The Government of the United States have stated, in the telegraphic message from Mr. Fish to which I have already referred, that there are some cases not provided for in the words suggested by Her Majesty's Government on the 30th of May. If the Government of the United States are of opinion that these cases are not covered by the last proposed form of Article, and will state what are the cases in question, Her Majesty's Government cannot but think that the two Governments might probably agree upon a form of words which would meet them, without being open to the objections which they have felt to the wording of the Article as proposed by the Senate. Her Majesty's Government have never put forward their words as an ultimatum, and they will be willing to consider, at the proper time, other words, if an adjournment is agreed upon.

I have much pleasure in taking advantage of the present occasion to request you to convey to the Government of the United States the appreciation by Her Majesty's Government of the frank and friendly declaration contained in your letter to me of the 6th instant, respecting the last paragraph of the draught Article.

Her Majesty's Government had never supposed that the Government of the United States had differed from Her Majesty's Government in the sense attached to that portion of the Article, but they look upon the declaration made in your letter as an additional proof of the anxiety, which they are confident is shared by both Governments, of bringing the negotiation to an honorable and successful issue.

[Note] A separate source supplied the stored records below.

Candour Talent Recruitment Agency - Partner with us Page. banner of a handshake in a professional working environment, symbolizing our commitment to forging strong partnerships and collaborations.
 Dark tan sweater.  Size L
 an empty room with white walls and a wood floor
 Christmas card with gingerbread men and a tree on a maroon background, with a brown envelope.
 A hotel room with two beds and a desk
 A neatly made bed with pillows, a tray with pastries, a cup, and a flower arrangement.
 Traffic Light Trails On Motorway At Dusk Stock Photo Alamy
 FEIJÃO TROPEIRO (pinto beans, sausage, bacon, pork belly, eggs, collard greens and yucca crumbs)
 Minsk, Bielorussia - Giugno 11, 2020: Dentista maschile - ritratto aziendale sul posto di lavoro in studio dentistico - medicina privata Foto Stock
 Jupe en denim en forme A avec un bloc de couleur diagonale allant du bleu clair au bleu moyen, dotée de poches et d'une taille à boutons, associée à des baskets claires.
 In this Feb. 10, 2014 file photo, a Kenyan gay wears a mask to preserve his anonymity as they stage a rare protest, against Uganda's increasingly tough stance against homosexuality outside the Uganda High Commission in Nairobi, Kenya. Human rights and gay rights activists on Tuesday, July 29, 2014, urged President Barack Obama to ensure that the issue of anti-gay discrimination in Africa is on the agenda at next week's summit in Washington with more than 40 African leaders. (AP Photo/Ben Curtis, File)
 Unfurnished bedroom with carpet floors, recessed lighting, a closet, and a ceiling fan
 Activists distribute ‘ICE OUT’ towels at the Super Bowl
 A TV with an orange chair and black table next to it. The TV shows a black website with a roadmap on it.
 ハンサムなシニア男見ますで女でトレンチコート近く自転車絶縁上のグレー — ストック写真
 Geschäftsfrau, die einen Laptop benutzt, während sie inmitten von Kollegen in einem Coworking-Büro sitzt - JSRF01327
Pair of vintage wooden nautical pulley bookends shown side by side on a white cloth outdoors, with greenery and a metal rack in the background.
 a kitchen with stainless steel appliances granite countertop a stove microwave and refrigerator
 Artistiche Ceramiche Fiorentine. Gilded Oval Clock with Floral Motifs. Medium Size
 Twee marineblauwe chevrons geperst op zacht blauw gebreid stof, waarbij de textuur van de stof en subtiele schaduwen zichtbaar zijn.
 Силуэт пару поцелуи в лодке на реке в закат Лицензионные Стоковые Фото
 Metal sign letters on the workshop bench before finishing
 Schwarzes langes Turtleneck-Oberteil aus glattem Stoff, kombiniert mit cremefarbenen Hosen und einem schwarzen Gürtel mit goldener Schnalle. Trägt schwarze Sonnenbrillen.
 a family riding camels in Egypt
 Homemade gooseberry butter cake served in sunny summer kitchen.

I have the honor to be, with the highest consideration, sir, your most obedient, humble servant,

GRANVILLE.

No. 105.

Mr. Fish to General Schenck.

[Telegram.]

DEPARTMENT OF STATE,
Washington, June 13, 1872.

Telegraph and write to Davis, Hotel Beau Rivage, Geneva, as follows:

See my telegrams to Schenck of second and ninth June. If arguments are filed in good faith, without offensive notice, we will assent to their motion for adjournment.

FISH.

[From British Blue Book "North America," No. 10, (1872,) p. 2.]

No. 106.

Earl Granville to Lord Tenterden.

FOREIGN OFFICE, June 12, 1872.

MY LORD: Should the Arbitrators inquire for how long a period the adjournment requested in the note which you are instructed in my other dispatch of this day's date to present to them, is desired, you should state that Her Majesty's Government understand that in order to afford time for the consideration of a supplementary convention by the Senate in the session commencing in December, it would be requisite that the adjournment should be for a period of eight months, with power for the Arbitrators to meet at any earlier date, upon being convened for that purpose by the secretary, on the joint request in writing of the Agents of the two Governments.

I am, &c.,

GRANVILLE.

[From British Blue Book "North America," No. 10, (1872,) p. 2.]

No. 107.

Earl Granville to Lord Tenterden.

FOREIGN OFFICE, June 12, 1872.

MY LORD: Sir Roundell Palmer having consented, at the request of Her Majesty's Government, to attend the meeting of the Tribunal of Arbitration on the 15th instant as Her Majesty's Counsel, I have to instruct you to be guided by his advice in all your proceedings.

I am, &c.,

GRANVILLE,

[From British Blue Book "North America," No. 10, (1872,) p. 2.]

No. 108.

Earl Granville to Lord Tenterden.

FOREIGN OFFICE, June 12, 1872.

MY LORD: If any circumstances not provided for should occur while you are endeavoring to obtain an adjournment according to your instructions, you will telegraph the particulars to me and ask for instructions.

I am, &c.,

GRANVILLE.

[From British Blue Book "North America," No. 10, (1872,) p. 2.]

No. 109.

Lord Tenterden to Earl Granville.

GENEVA, June 14, 1872. (Received June 21.)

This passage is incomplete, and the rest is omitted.